# SOURCE DATA
╔══

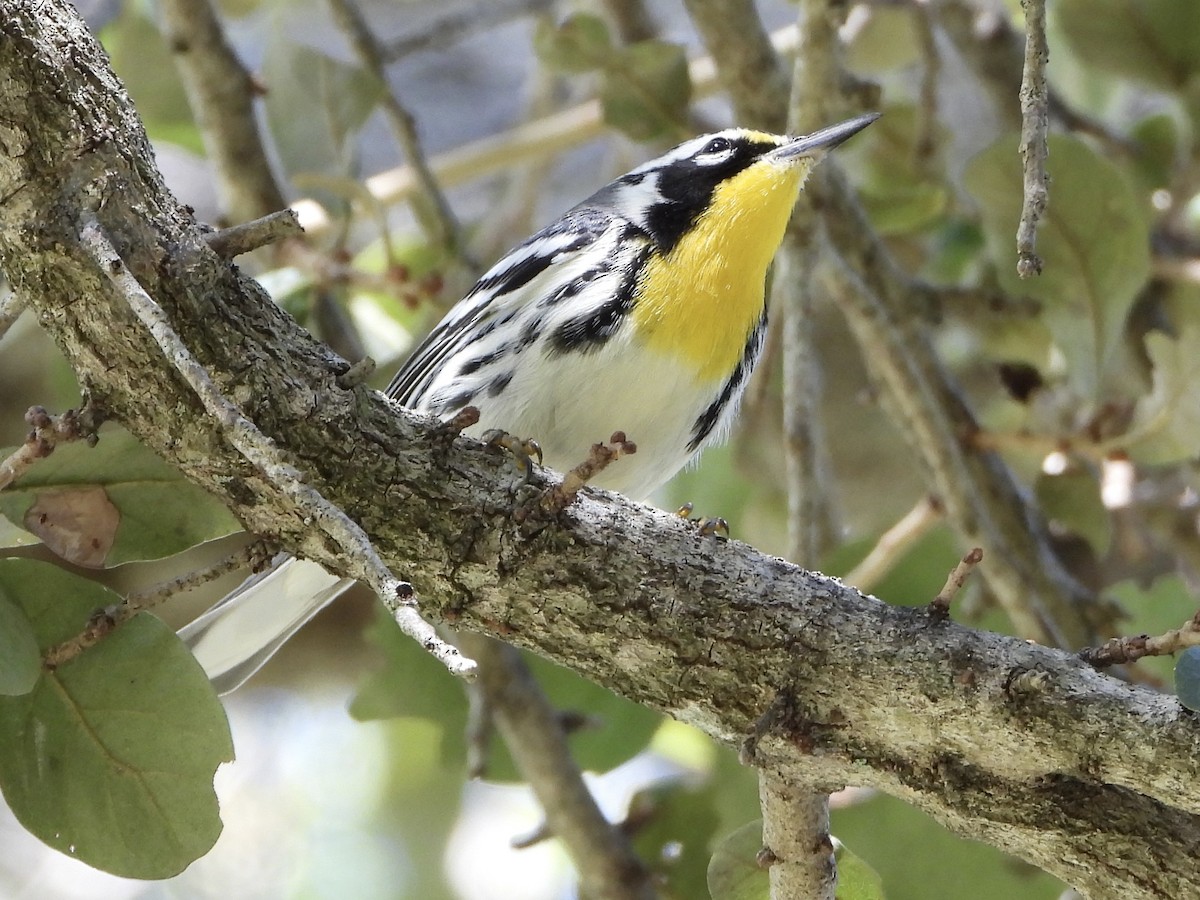 Пісняр-лісовик чорнощокий - ML645307707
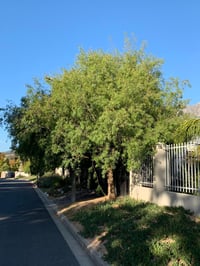 Rhus pendulina Güney Afrika Sumak Fidanı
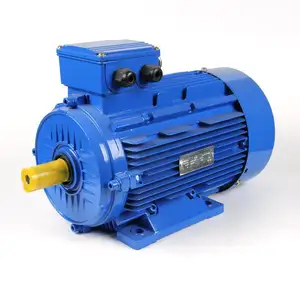 Made In China Three Phase YE3 380V 22kw 30HP AC Electric Motor for Sale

╚══

# WHAT TO WORK ON
What is needed is every line from the one with "Rhus pendulina Güney Afrika Sumak Fidanı" to the final line of the listing above, set down exactly and with the pictures left out.

# YOUR RESPONSE
 Rhus pendulina Güney Afrika Sumak Fidanı
 Made In China Three Phase YE3 380V 22kw 30HP AC Electric Motor for Sale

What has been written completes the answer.